Meine Damen und Herren,

ich sprach Anfangs kurz über unseren Veranstaltungsort und seinen Platz in der Geschichte unseres Landes. Einen Aspekt will ich noch hinzufügen: Das Max-Liebermann-Haus erinnert mit seiner bürgerlichen Gestalt auch an die Tradition des literarischen Salons. Eine wunderbare Tradition, wie ich finde.

In Berlin waren es meist Jüdinnen – wie Amalie Beer, Rahel Varnhagen von Ense und Henriette Herz – die den Salon zu seiner Blüte führten.
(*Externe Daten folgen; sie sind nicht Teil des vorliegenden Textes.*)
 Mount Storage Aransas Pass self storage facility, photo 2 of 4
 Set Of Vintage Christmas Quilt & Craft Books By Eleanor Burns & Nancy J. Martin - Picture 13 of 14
Sie stehen für eine Zeit, in der jüdisches Leben in Deutschland für die breite Gesellschaft greifbar und alltäglich war.

Der Jüdische Salon am Grindel in Hamburg, der heute mit dem Ehrenamtspreis ausgezeichnet wird, stellt sich in diese Tradition und bezieht sie auf die Gegenwart. Mit den Veranstaltungen und Lesungen des Salons am Grindel, die sich der jüdischen Kunst, Literatur, Kultur und Religion widmen, öffnet er das Tor für Begegnungen.

Die Preisträger des Projektes „Jüdisches Halle – Gestern und Heute“ zeigen, dass Halle trotz des schrecklichen Anschlags eine offene und vielfältige Stadt ist. Mit ihrem interaktiven Stadtrundgang durch Geschichte und Gegenwart vermitteln sie nicht nur Wissen über jüdisches Leben in Halle, sondern schaffen auch viele fruchtbare Begegnungen zwischen Menschen, die aufeinander neugierig sind.

Die heutigen Preisträgerinnen und Preisträger sind herausragende Vorbilder des Engagements für unseren gesellschaftlichen Zusammenhalt. Für Ihre wichtige Arbeit möchte ich Ihnen im Namen der gesamten Bundesregierung herzlich danken.

Ich gratuliere Ihnen zum Ehrenamtspreis für jüdisches Leben des Jahres 2022 und wünsche mir, dass Ihre Beispiele viele Nachahmer finden!